**Exercise instructions**
Skip the images and repeat every entry word for word.

Captioned web images:
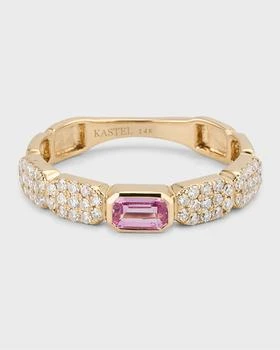 Kastel Jewelry | 14K Chemin Pink Sapphire and Diamond Pave Band Ring, Size 7,商家Neiman Marcus,价格¥13950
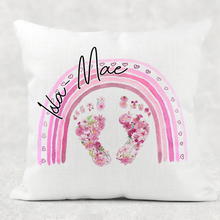 Load image into Gallery viewer, Baby Feet Rainbow Personalised Cushion
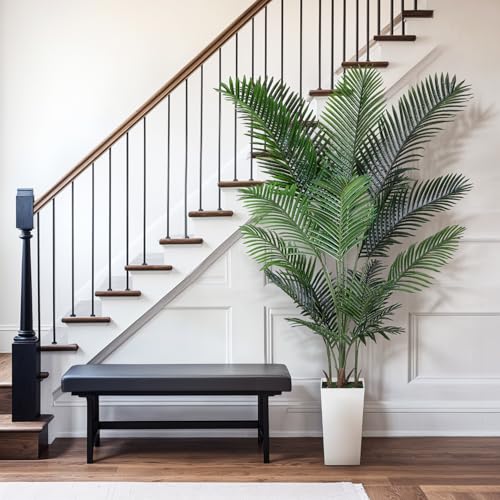 Jocoevol Artificial Golden Cane Palm Tree 7FT, Artificial Palm Tree with Pot, Fake Palm Tree for Home Living Room, Tropical Palm Tree for House Warming - size: 7ft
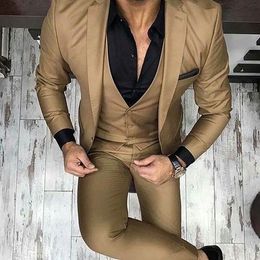 Custom Made Groomsmen Notch Lapel Groom Tuxedos Khaki Men Suits Wedding/Prom/Dinner Best Man Blazer ( Jacket+Pants+Tie+Vest) G238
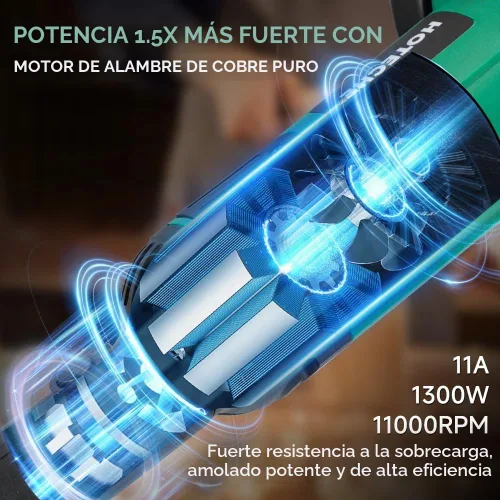 Vista 5 de Hoteche Amoladora angular de 5 pulgadas, amoladora eléctrica de velocidad variable de 11 amperios, con cable, para metal, compatible con discos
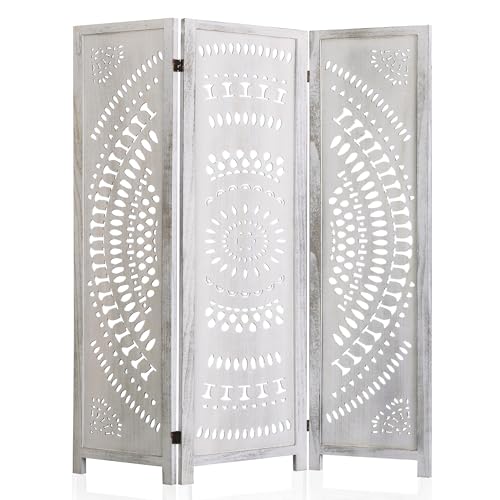 WelFurGeer Handcrafted Carved Wooden Room Divider Screen, Folding Privacy Screen for Room Separation, Decorative Room Dividers, 360° Adjustable Folding Panels for Privacy, Home, Office & Patio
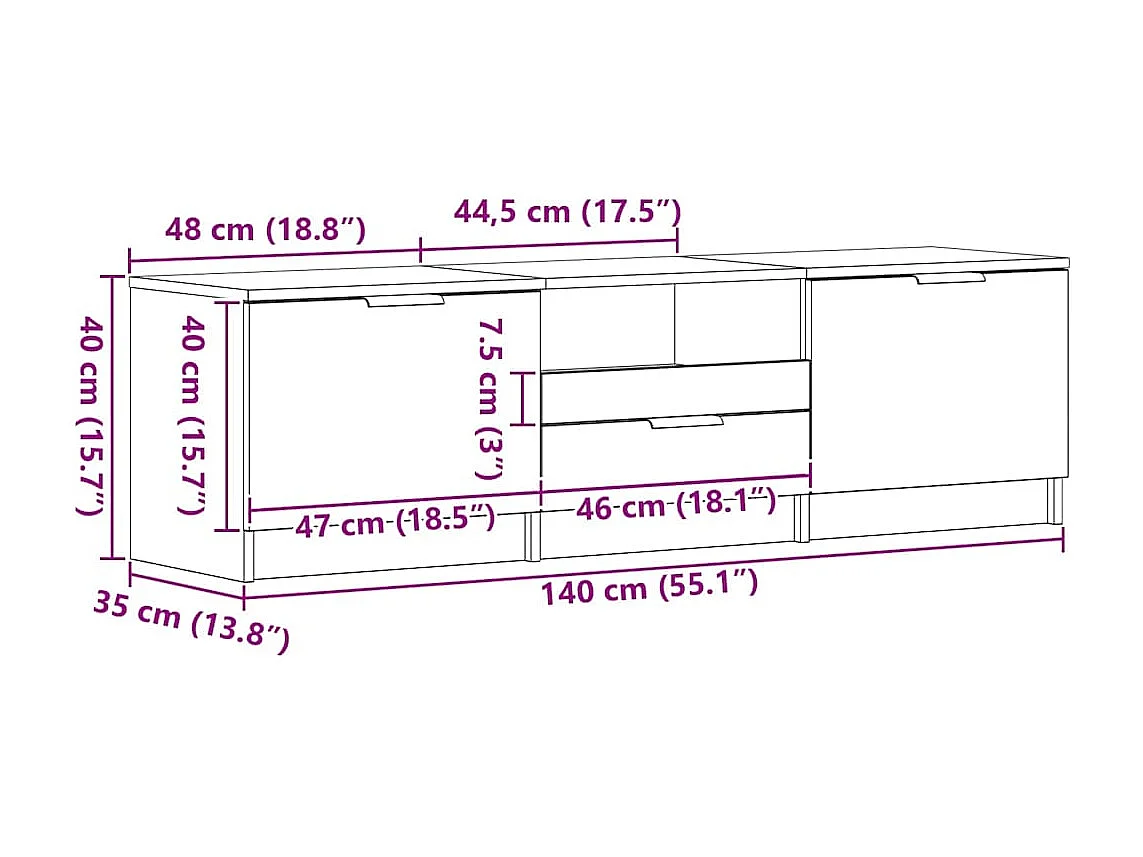 Meuble TV avec tiroir Noir 140 x 35 x 40 cm Bois d'ingénierie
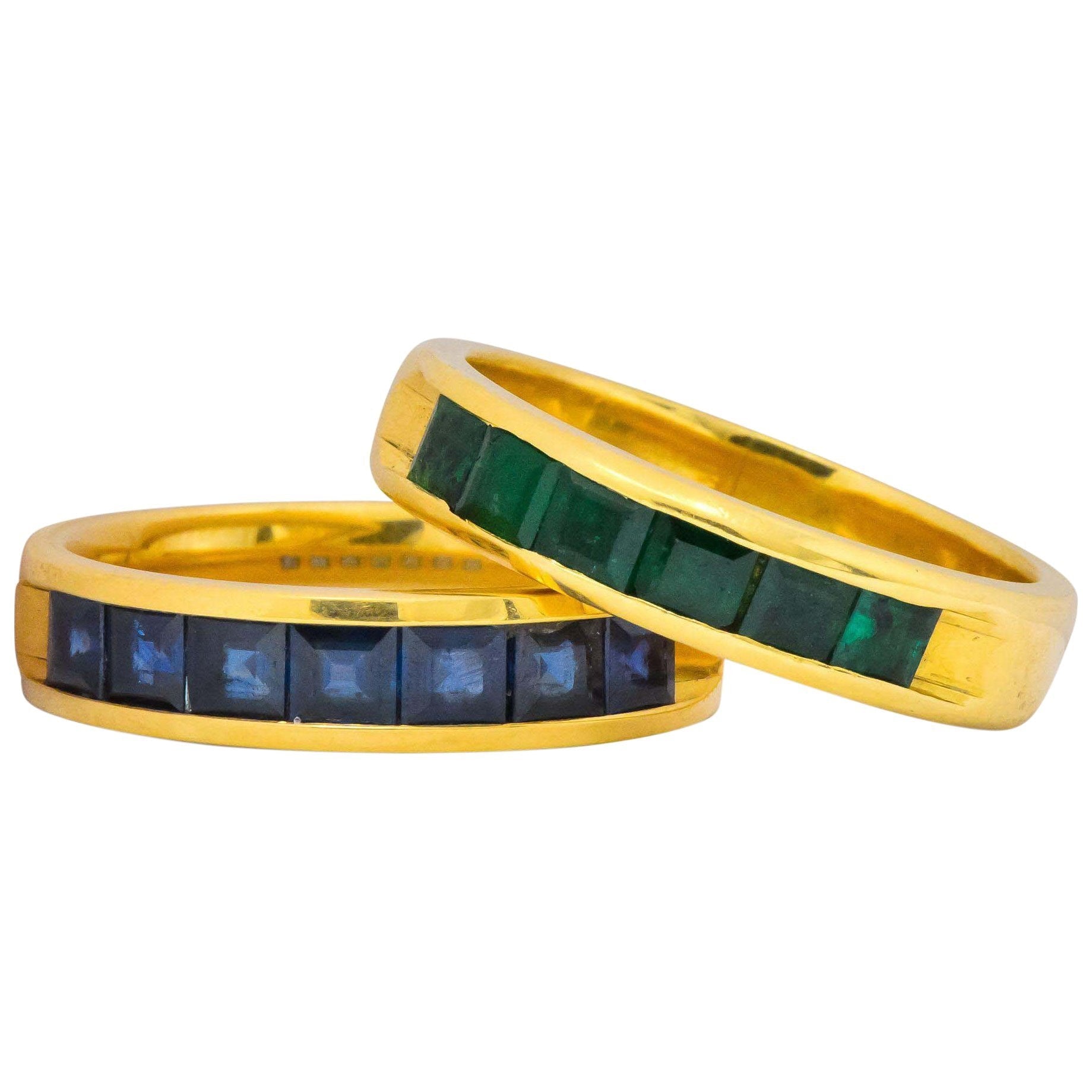 2 Contemporary 5.50 CTW Sapphire Emerald 18 Karat Gold Men's Band Rings Wilson's Estate Jewelry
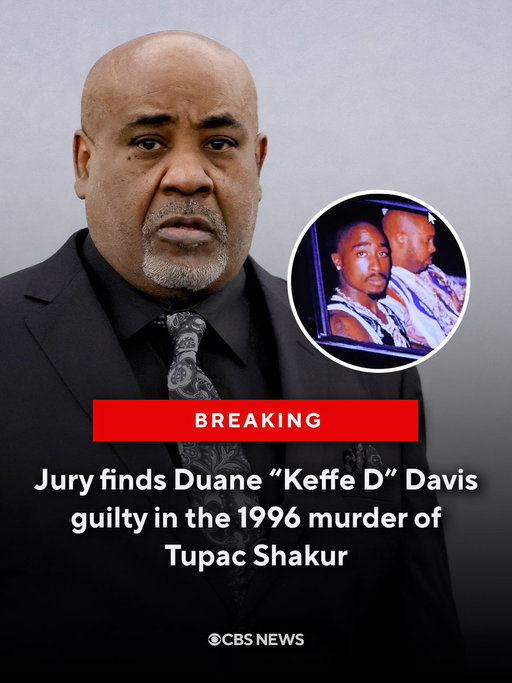 A jury has found Duane "Keffe D" Davis guilty in the killing of rapper Tupac Shakur on a Las Vegas night nearly 30 years ago.

The jury reached its verdict in less than three hours. 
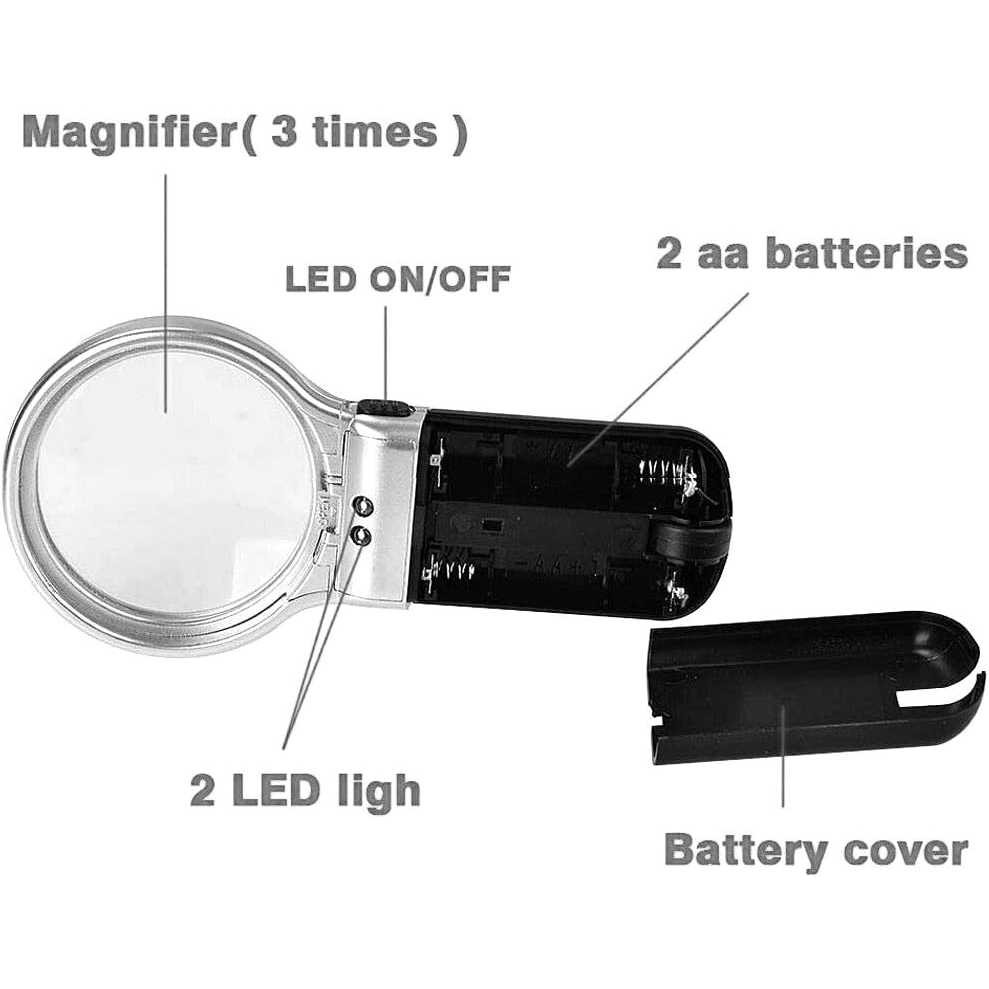 

ALHQSTR FOX Kaca Pembesar Lipat Foldable Magnifying Glass with 2 LED 63mm 3X - TH-7006‼️COD‼️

**Answer**
 Kastel Jewelry | 14K Chemin Pink Sapphire and Diamond Pave Band Ring, Size 7,商家Neiman Marcus,价格¥13950
 Load image into Gallery viewer, Baby Feet Rainbow Personalised Cushion
 Jocoevol Artificial Golden Cane Palm Tree 7FT, Artificial Palm Tree with Pot, Fake Palm Tree for Home Living Room, Tropical Palm Tree for House Warming - size: 7ft
 Custom Made Groomsmen Notch Lapel Groom Tuxedos Khaki Men Suits Wedding/Prom/Dinner Best Man Blazer ( Jacket+Pants+Tie+Vest) G238
 Vista 5 de Hoteche Amoladora angular de 5 pulgadas, amoladora eléctrica de velocidad variable de 11 amperios, con cable, para metal, compatible con discos
 WelFurGeer Handcrafted Carved Wooden Room Divider Screen, Folding Privacy Screen for Room Separation, Decorative Room Dividers, 360° Adjustable Folding Panels for Privacy, Home, Office & Patio
 Meuble TV avec tiroir Noir 140 x 35 x 40 cm Bois d'ingénierie
 2 Contemporary 5.50 CTW Sapphire Emerald 18 Karat Gold Men's Band Rings Wilson's Estate Jewelry
 A jury has found Duane "Keffe D" Davis guilty in the killing of rapper Tupac Shakur on a Las Vegas night nearly 30 years ago.

The jury reached its verdict in less than three hours. 

ALHQSTR FOX Kaca Pembesar Lipat Foldable Magnifying Glass with 2 LED 63mm 3X - TH-7006‼️COD‼️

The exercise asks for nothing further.